-- PROBLEM REQUIREMENTS --
For this exercise, write out only the lines of the entries below from the one with "プレミアムフラット横濱紅葉坂の収納|玄関　シューズボックスです" up to and including the one with "janhviestic's profile picture.", exactly as they are. Pictures stay out.
********
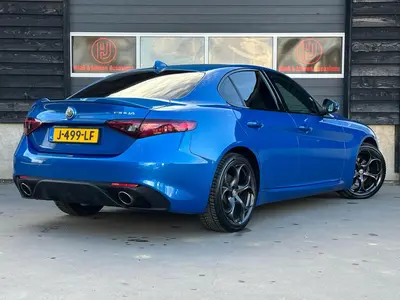 Alfa Romeo Giulia - Thumbnail 4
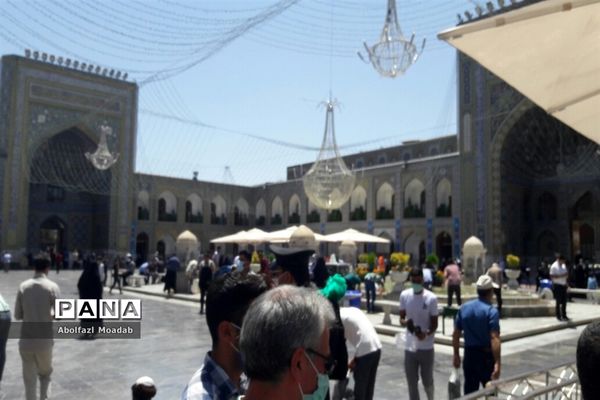 رعایت دستورالعمل‌های بهداشتی زائرین، در حرم مطهر امام رضا(ع)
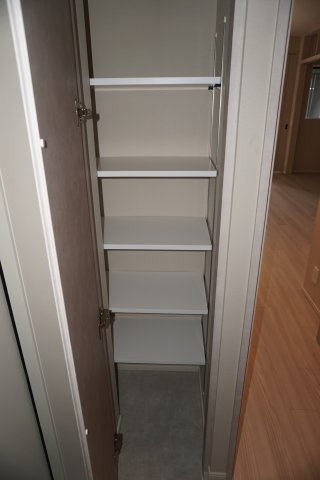 プレミアムフラット横濱紅葉坂の収納|玄関　シューズボックスです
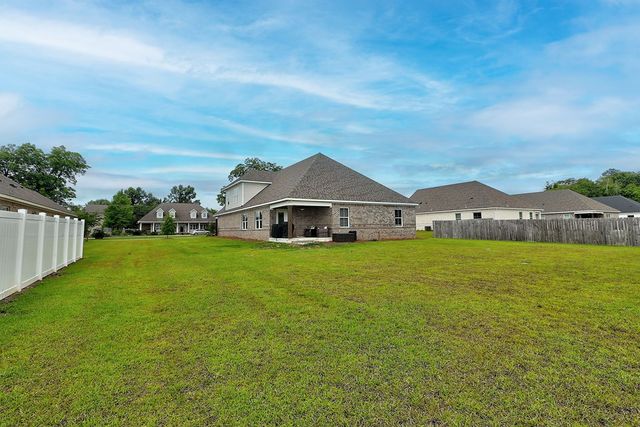 775 Sandbed Road, Newton, AL 36352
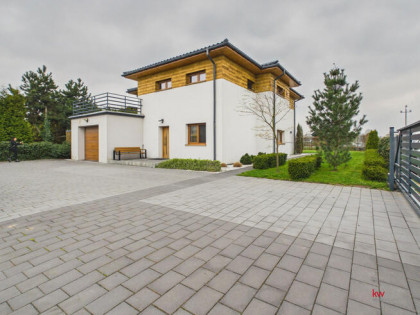 Dom Suszec, Dolna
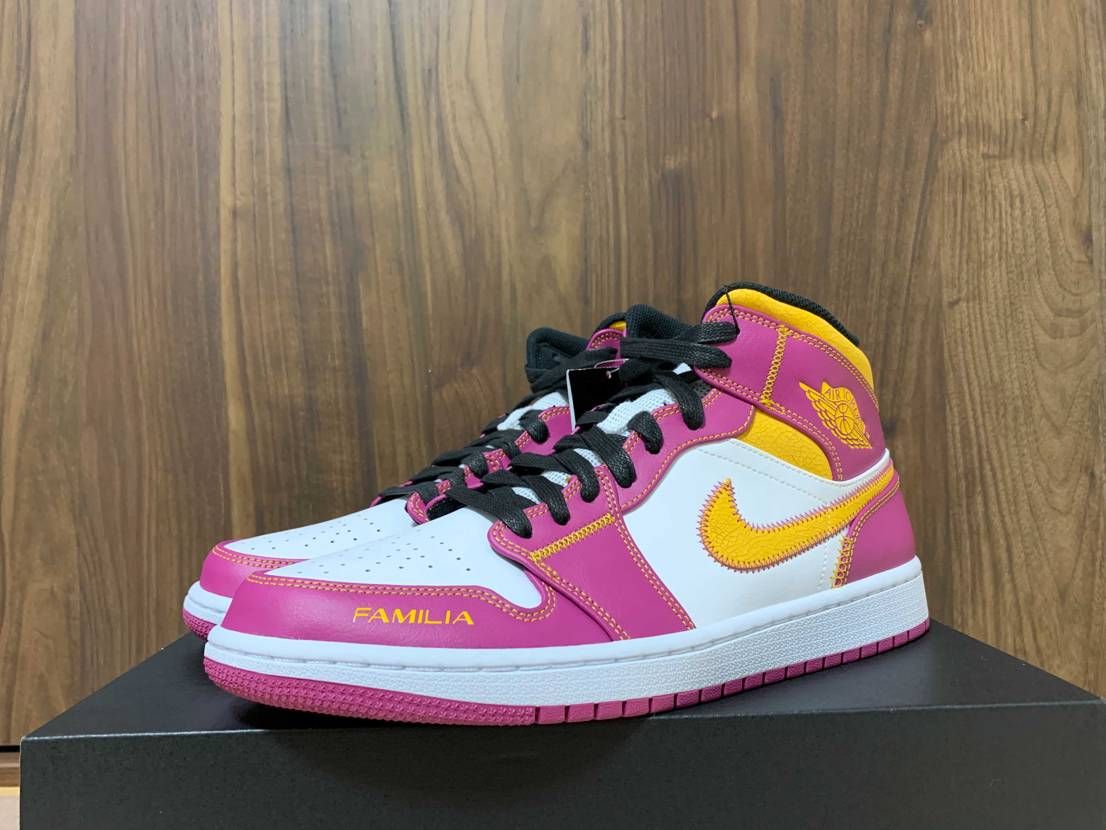 死者の日のAJ1MIDに色味似てる気がする…!!白紐に替えようかな😊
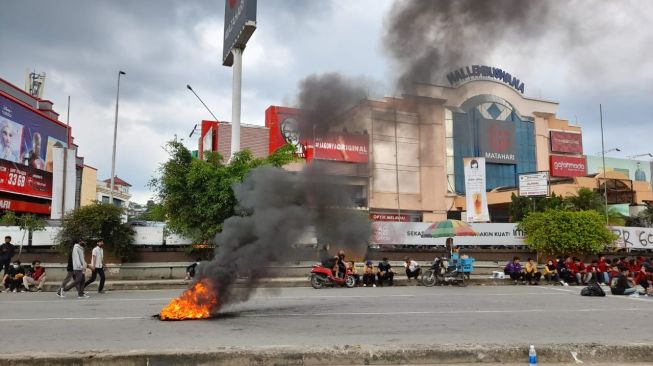 Demonstran membakas ban, sebagai rasa kecewa pada wakil rakyat di DPR RI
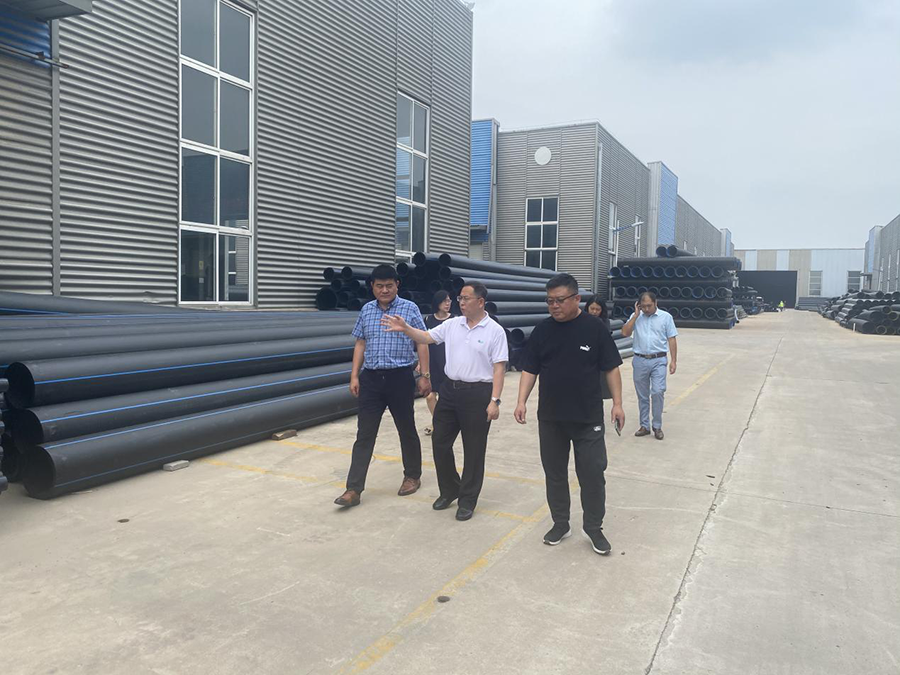 中国塑协理事长王占杰调研洁润管业(图2)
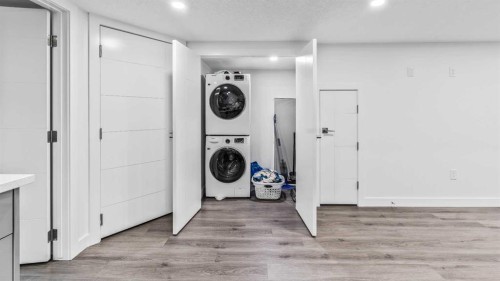 87 Corner Meadows Grove Ne, Calgary, AB - Indoor Photo Showing Laundry Room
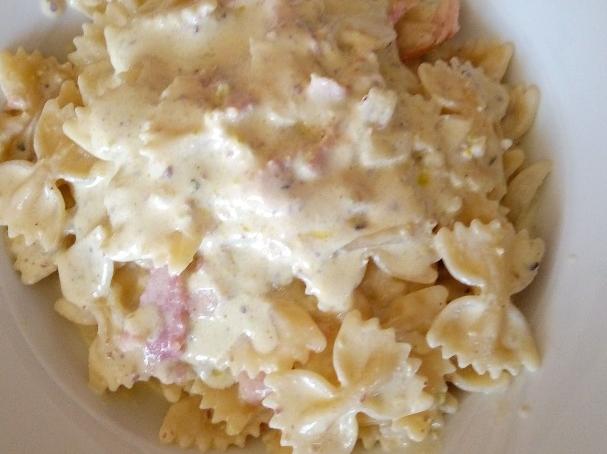 Farfalle con panna e pesto di pistacchio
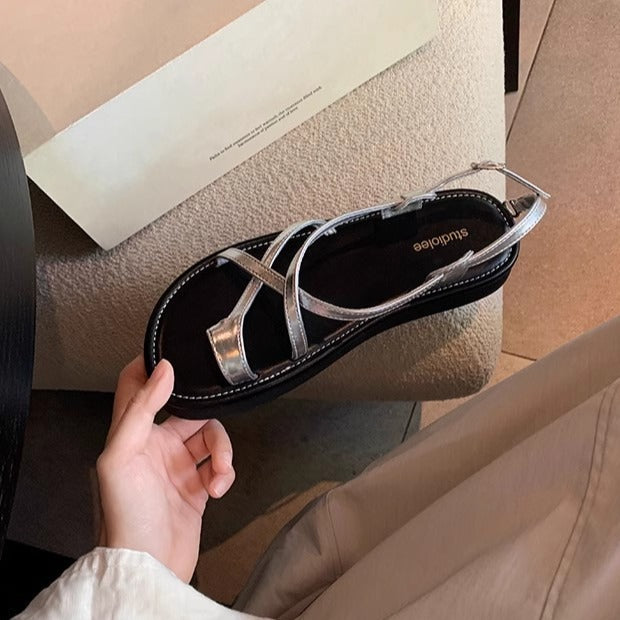 Dame elegante sandaler med glitrende metallic-design og polstret fodseng Stilla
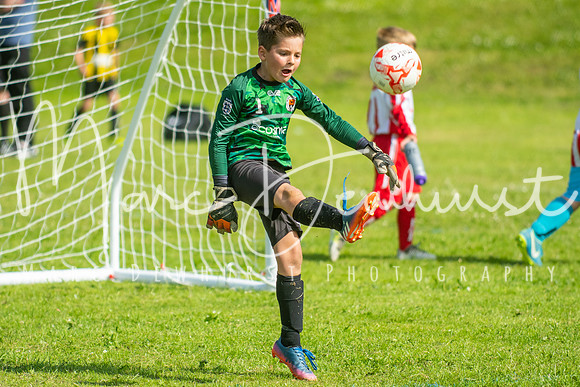 Under 8's action-193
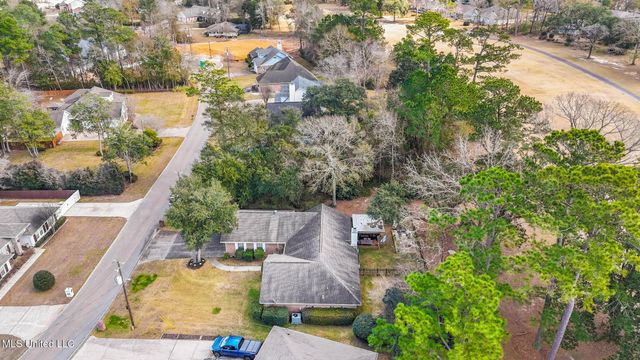 8820 Kailua Place, Diamondhead, MS 39525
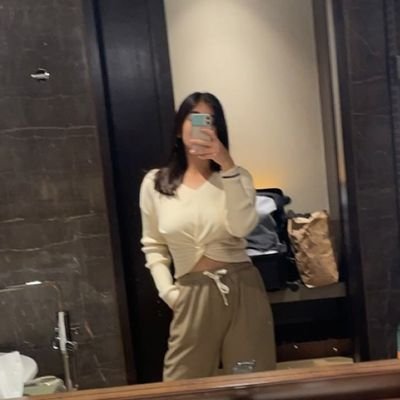 janhviestic's profile picture. 23 • biodegradable • she/her mein hoon main tere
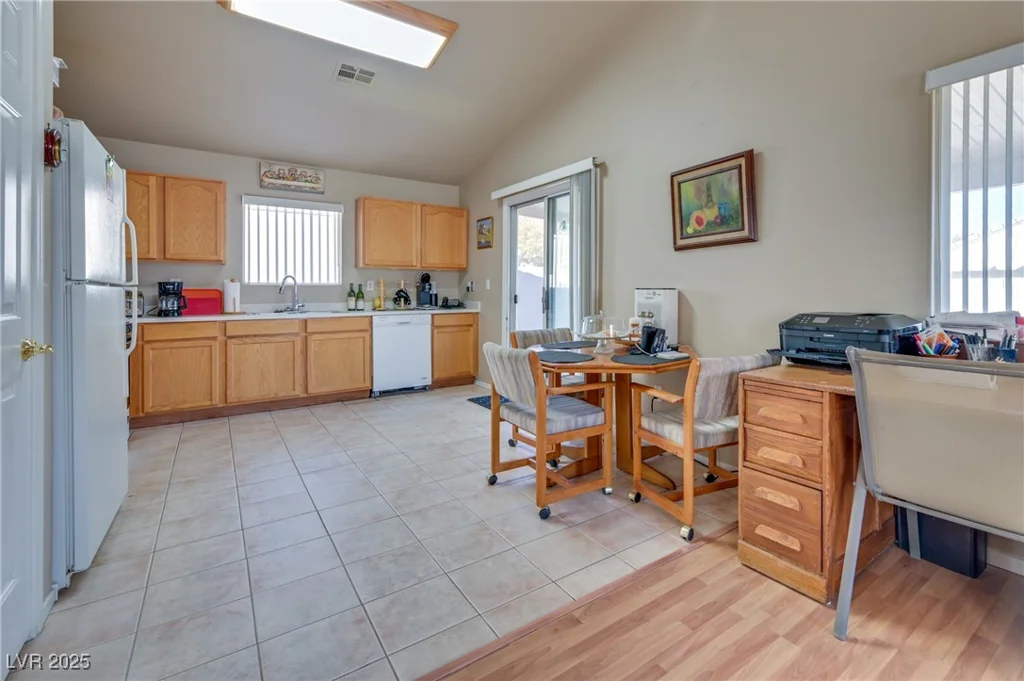 5916 Naperville, Las Vegas, NV 89130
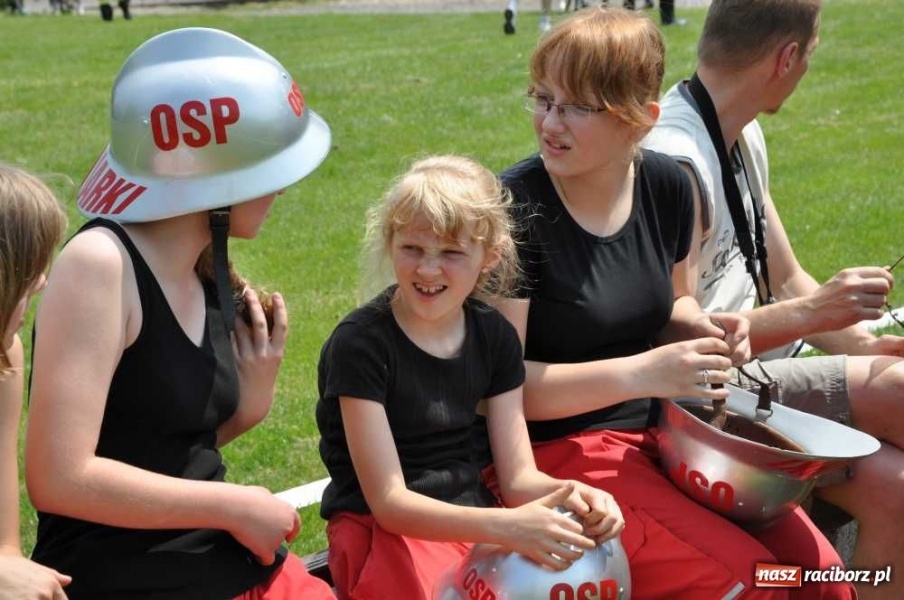 Zdjęcie w galerii na portalu naszraciborz.pl: W Pietrowicach zmagali się strażacy wiadomości z regionu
********
-- TASK SOLUTION --
 プレミアムフラット横濱紅葉坂の収納|玄関　シューズボックスです
 775 Sandbed Road, Newton, AL 36352
 Dom Suszec, Dolna
 死者の日のAJ1MIDに色味似てる気がする…!!白紐に替えようかな😊
 Demonstran membakas ban, sebagai rasa kecewa pada wakil rakyat di DPR RI
 中国塑协理事长王占杰调研洁润管业(图2)
 87 Corner Meadows Grove Ne, Calgary, AB - Indoor Photo Showing Laundry Room
 Farfalle con panna e pesto di pistacchio
 Dame elegante sandaler med glitrende metallic-design og polstret fodseng Stilla
 Under 8's action-193
 8820 Kailua Place, Diamondhead, MS 39525
 janhviestic's profile picture. 23 • biodegradable • she/her mein hoon main tere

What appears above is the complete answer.